Por obvias razones el Iberá estuvo cerrado al público hasta el 11 de marzo, que volvió a abrir. Esa semana misma empezó a llover sobre la tierra quemada, sobre las pasarelas de madera extintas. Y de los troncos calcinados comenzaron a salir nuevos brotes. Ya pasaron 58 días de la reapertura y si entrara alguien que no tiene idea de los incendios, debería mirar muy detalladamente para darse cuenta que el fuego arrasó la zona. Se quemaron casi 90 mil hectáreas aquí adentro. Para dar una magnitud de la violencia del fuego, 117 kilómetros de alambrados del Iberá terminaron calcinados.
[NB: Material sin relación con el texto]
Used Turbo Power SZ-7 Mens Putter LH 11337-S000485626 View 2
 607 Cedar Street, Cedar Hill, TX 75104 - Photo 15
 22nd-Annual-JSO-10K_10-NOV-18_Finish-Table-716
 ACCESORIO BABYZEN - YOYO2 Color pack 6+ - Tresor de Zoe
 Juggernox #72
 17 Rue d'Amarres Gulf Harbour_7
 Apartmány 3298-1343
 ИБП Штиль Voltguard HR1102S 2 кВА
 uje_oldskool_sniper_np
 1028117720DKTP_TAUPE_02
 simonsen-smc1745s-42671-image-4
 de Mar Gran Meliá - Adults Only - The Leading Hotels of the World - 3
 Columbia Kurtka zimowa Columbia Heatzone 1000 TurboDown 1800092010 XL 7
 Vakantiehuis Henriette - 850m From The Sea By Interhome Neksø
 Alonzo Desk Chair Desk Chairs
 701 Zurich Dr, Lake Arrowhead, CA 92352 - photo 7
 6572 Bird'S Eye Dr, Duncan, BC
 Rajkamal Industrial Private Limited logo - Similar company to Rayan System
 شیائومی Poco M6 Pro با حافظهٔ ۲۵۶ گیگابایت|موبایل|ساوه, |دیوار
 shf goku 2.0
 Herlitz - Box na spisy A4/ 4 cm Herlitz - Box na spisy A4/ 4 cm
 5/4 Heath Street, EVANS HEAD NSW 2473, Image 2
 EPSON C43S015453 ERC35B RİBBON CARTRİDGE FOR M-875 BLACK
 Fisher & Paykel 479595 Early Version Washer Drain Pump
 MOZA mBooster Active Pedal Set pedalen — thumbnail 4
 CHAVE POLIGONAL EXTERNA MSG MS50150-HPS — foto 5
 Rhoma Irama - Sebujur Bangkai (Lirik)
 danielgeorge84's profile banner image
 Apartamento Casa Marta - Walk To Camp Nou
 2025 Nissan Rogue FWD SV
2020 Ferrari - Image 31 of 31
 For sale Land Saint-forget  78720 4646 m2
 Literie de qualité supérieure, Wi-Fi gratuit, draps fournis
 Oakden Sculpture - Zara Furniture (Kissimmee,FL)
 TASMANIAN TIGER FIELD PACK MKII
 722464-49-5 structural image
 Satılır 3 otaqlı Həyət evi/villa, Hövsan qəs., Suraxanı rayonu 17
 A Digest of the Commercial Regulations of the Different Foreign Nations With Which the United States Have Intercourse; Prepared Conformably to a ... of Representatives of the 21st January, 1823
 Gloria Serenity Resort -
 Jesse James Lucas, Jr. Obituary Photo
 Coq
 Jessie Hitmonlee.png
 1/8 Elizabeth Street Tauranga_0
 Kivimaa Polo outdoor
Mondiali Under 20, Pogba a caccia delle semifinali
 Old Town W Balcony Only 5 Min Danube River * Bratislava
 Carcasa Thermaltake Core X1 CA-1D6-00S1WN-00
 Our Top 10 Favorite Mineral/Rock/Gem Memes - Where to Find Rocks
Murieron muchos anfibios y reptiles. También mamíferos, generalmente por asfixia como consecuencia del humo. La sequía mató tantos animales como el fuego. Raviculé recuerda haberse encontrado con 40 carpinchos sin vida en una laguna seca: “Metían la cabeza en la tierra para zafar del humo y así morían, pobrecitos”. Lo mismo pasó con mulitas y peludos, con comadrejas coloradas, con ranas criollas. Los animales más ágiles, como el zorro o el ciervo, pudieron escapar hacia zonas seguras, montes que conservaban la humedad mínima para no arder.